Exercise goal => Copy nothing but the line with "Ceiling Fan Power" and the lines that follow it to the end of the entries below, and keep the pictures out.

-------- Exercise data --------

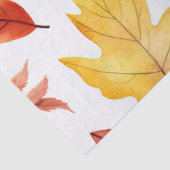 Naherfst fall Leaves Terracotta Brown Boho Pattern Tissuepapier (Detail)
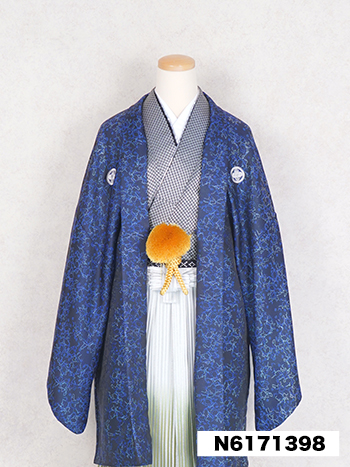 【男性袴】青・ちらし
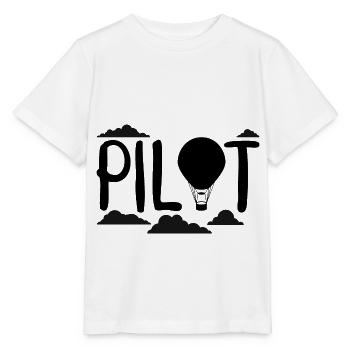 Montgolfière vole montgolfière - T-shirt bio MINI CREATOR Stanley/Stella Enfant - blanc - Devant - Maike (125cm)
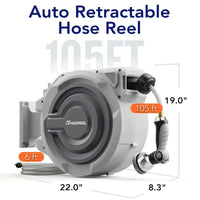 110 Ft Retractable Garden Hose Reel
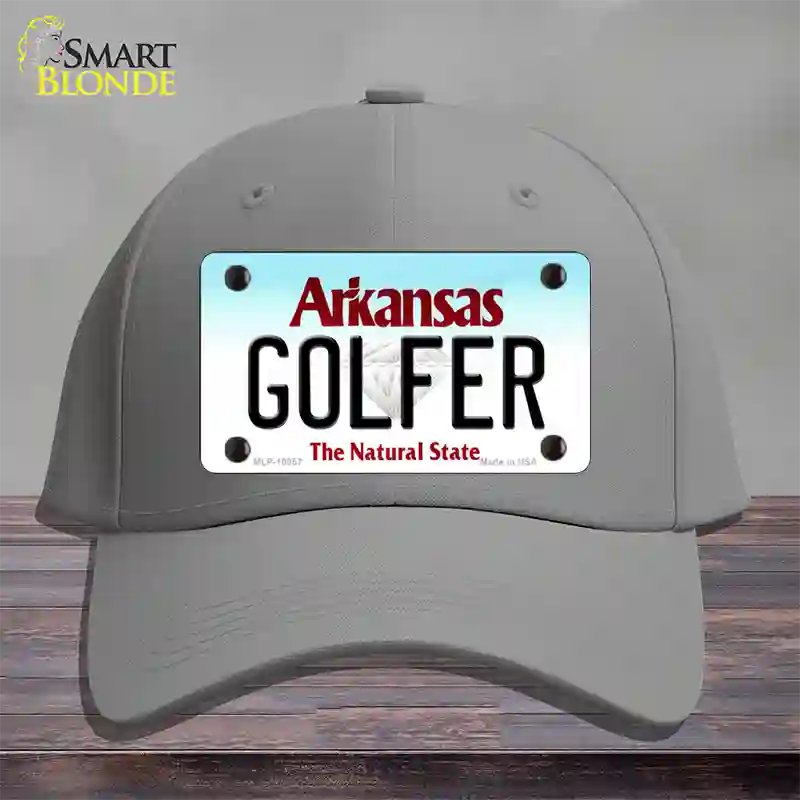 Golfer Arkansas Novelty License Plate Hat Cotton / Gray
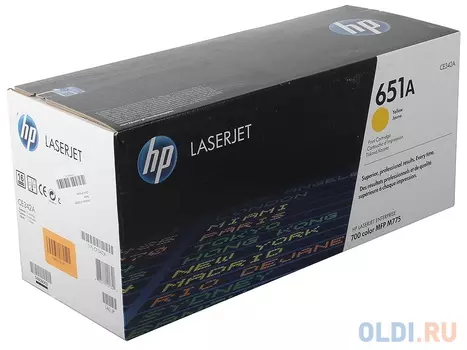 Тонер HP CE342A 16000стр Желтый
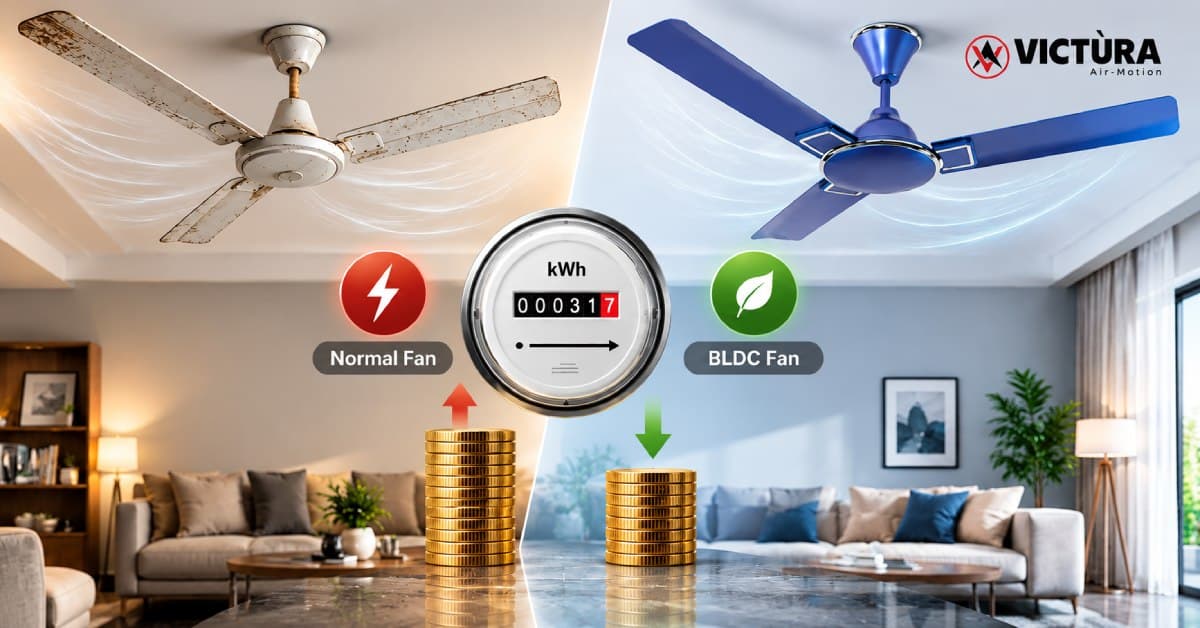 Ceiling Fan Power Consumption Calculator Units  Cost  Normal Vs BLDC
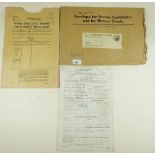 WW2 service documents for Dick Albert Godwin of the Royal Navy. Served on various ships during WW2.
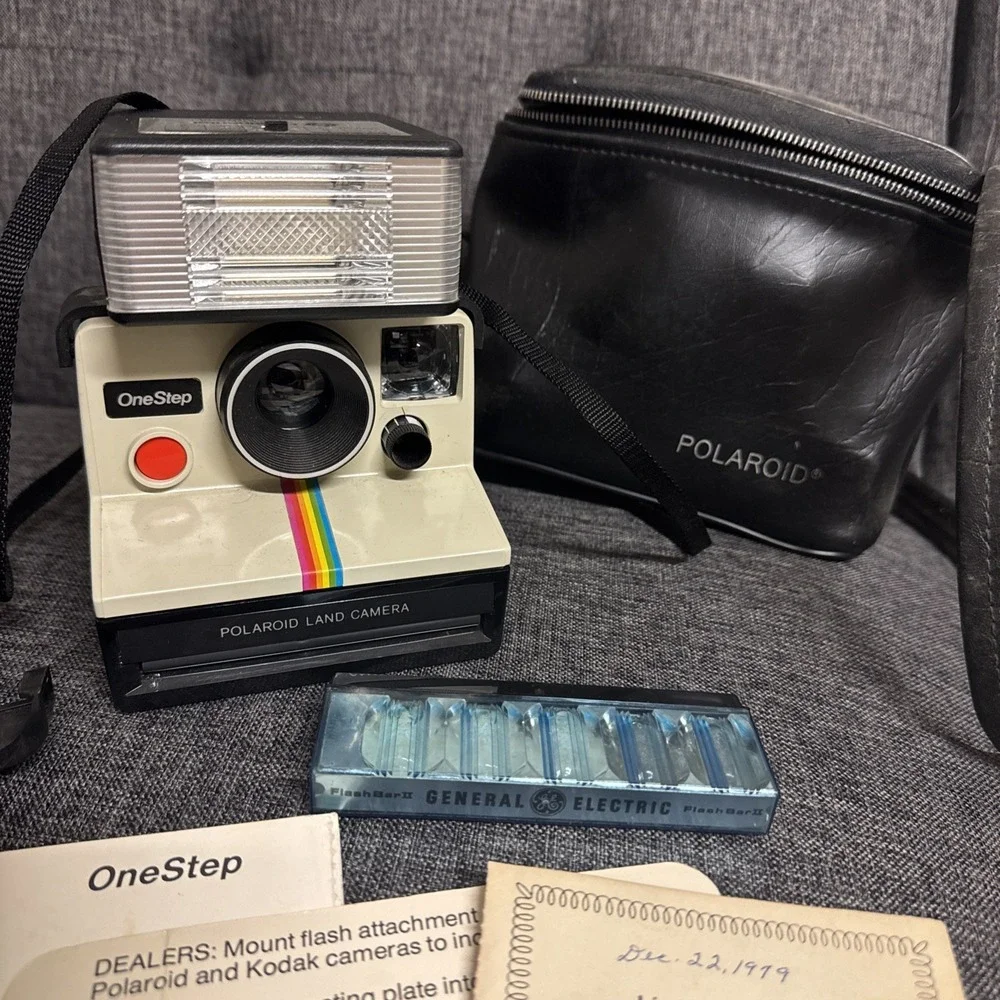 Vintage Polaroid SX-70 OneStep RainbowStripe Land Camera For Parts Only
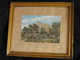 Aquarelle Gouache 1856 Ch Simon Ancienne Ruines De Baden Baden 19è Rare Cadre - Estampas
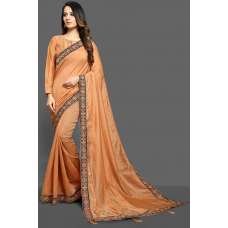 ORANGE PEEL ETHNIC DESIGNER SAREE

--------

Exercise solution =>
 Ceiling Fan Power Consumption Calculator Units  Cost  Normal Vs BLDC
 WW2 service documents for Dick Albert Godwin of the Royal Navy. Served on various ships during WW2.
 Vintage Polaroid SX-70 OneStep RainbowStripe Land Camera For Parts Only
 Aquarelle Gouache 1856 Ch Simon Ancienne Ruines De Baden Baden 19è Rare Cadre - Estampas
 ORANGE PEEL ETHNIC DESIGNER SAREE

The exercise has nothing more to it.